"""
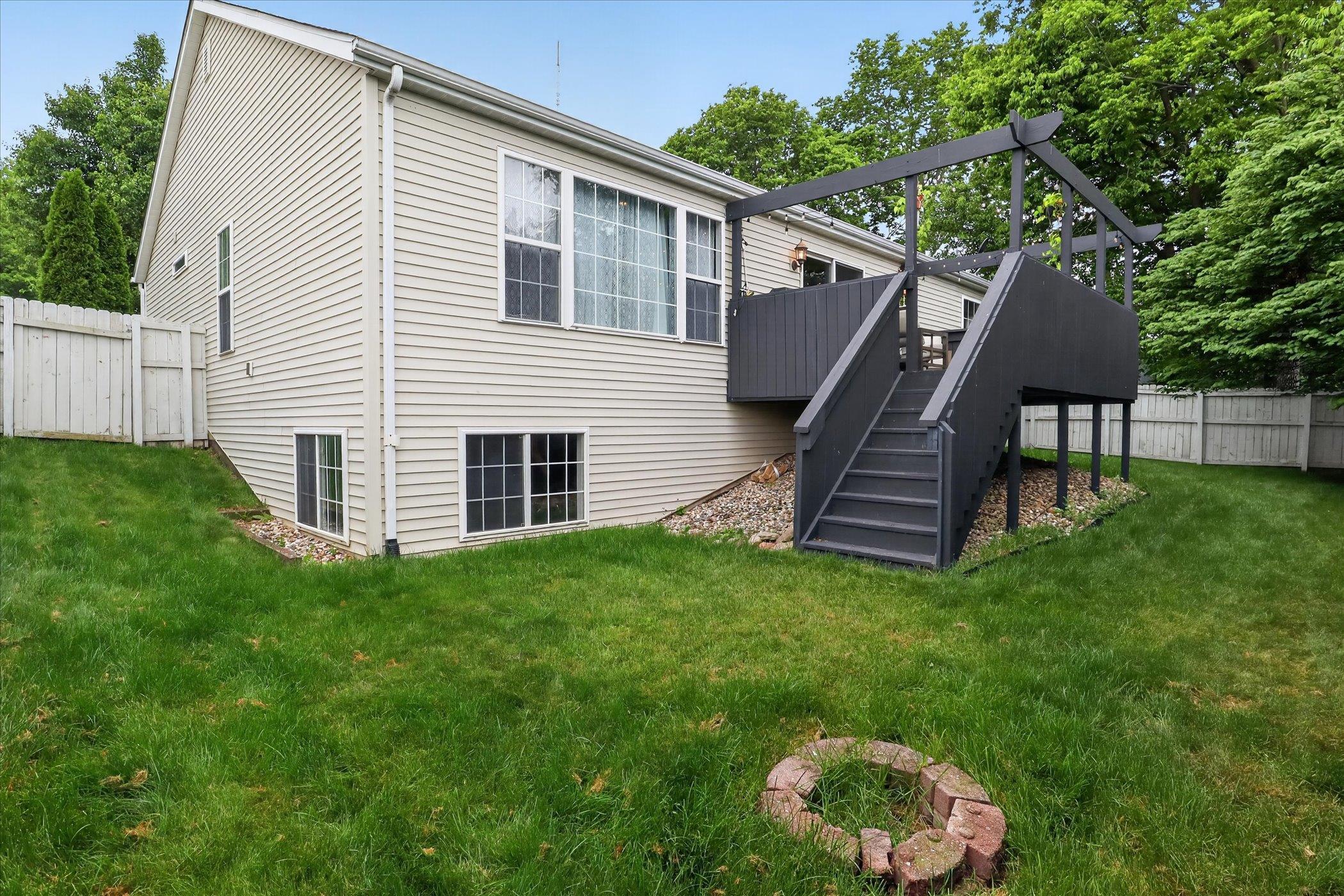 2333 Cranston Street South Bend IN 46614
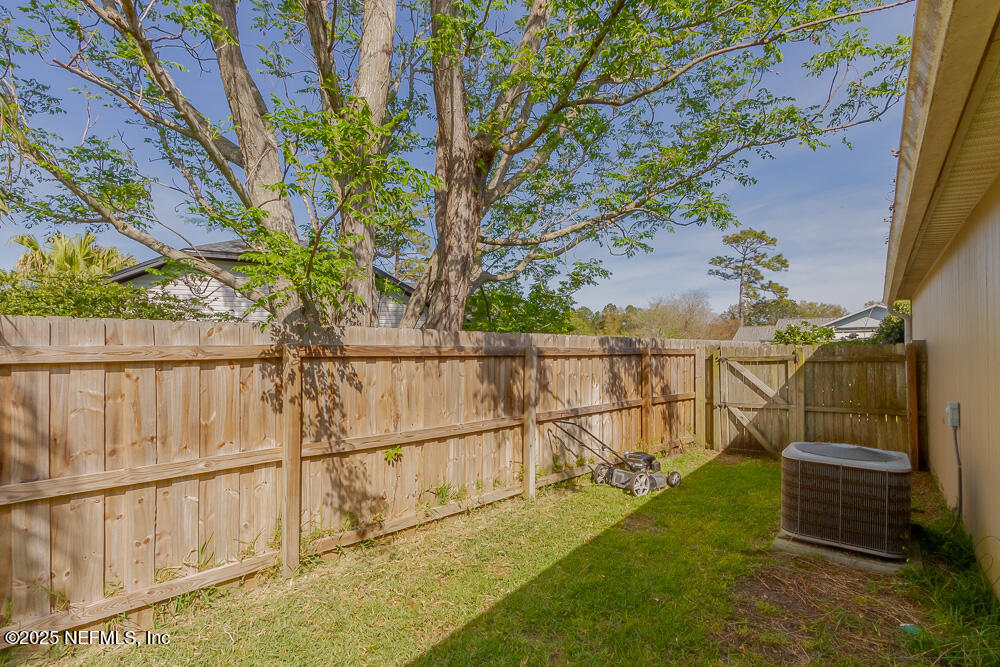 13293 CURRITUCK Drive N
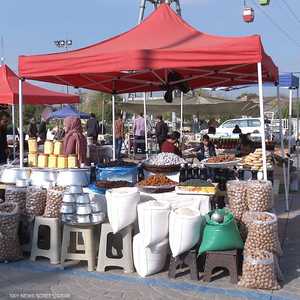 مهرجان للعسل والمأكولات الفلكلورية في كردستان العراق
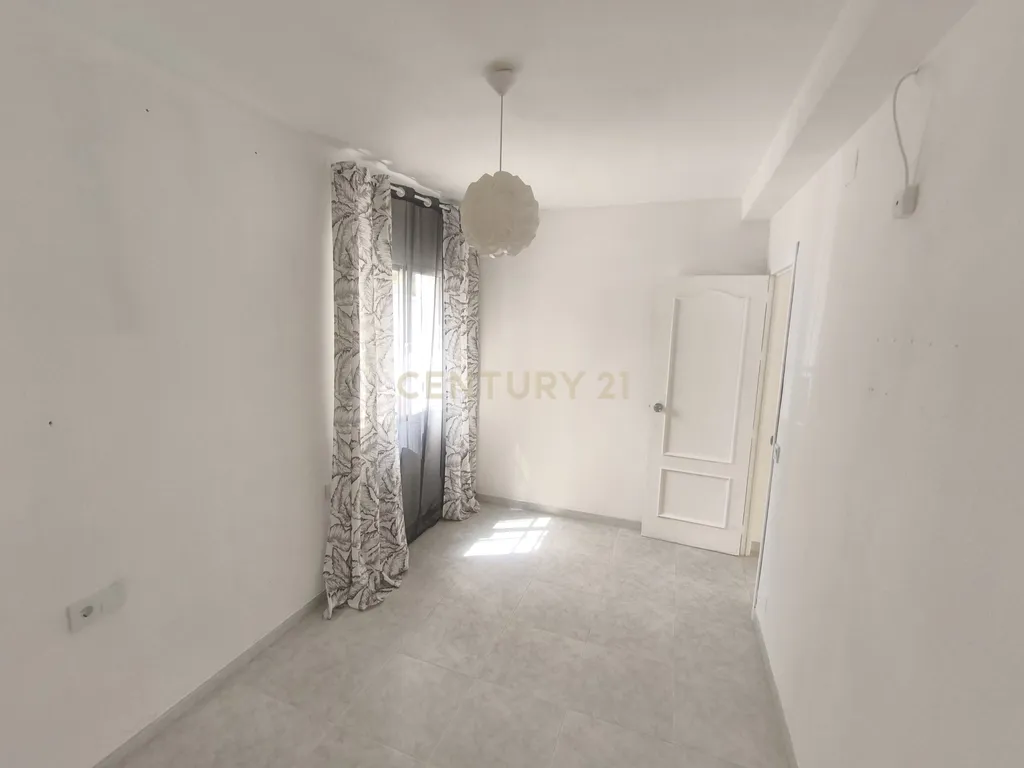 Apartamento Térreo de Esquina com 3 Quartos Totalmente Remodelado em El Boquetillo – Fuengirola - Image 20
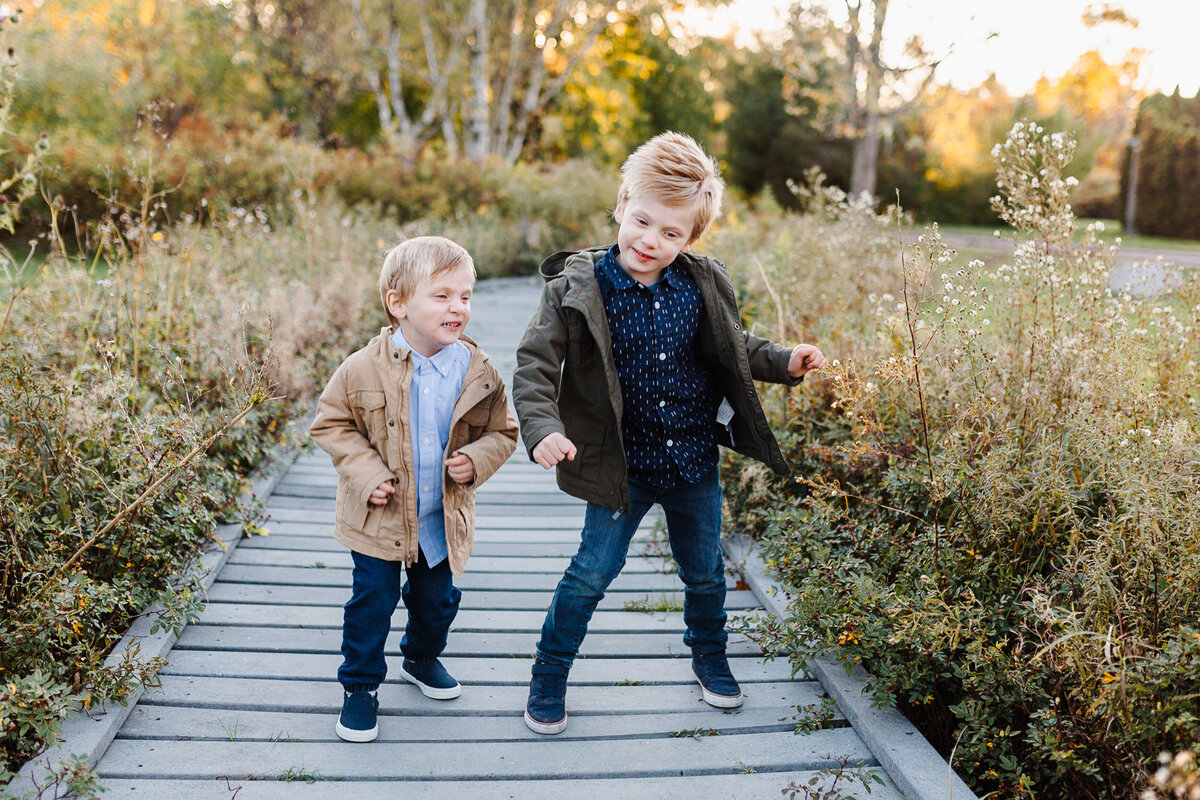 Guelph-Family-Photographer-232-333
"""
» Directions:
Leaving the images out, retype all the material above exactly.

» Answer space:
 2333 Cranston Street South Bend IN 46614
 13293 CURRITUCK Drive N
 مهرجان للعسل والمأكولات الفلكلورية في كردستان العراق
 Apartamento Térreo de Esquina com 3 Quartos Totalmente Remodelado em El Boquetillo – Fuengirola - Image 20
 Guelph-Family-Photographer-232-333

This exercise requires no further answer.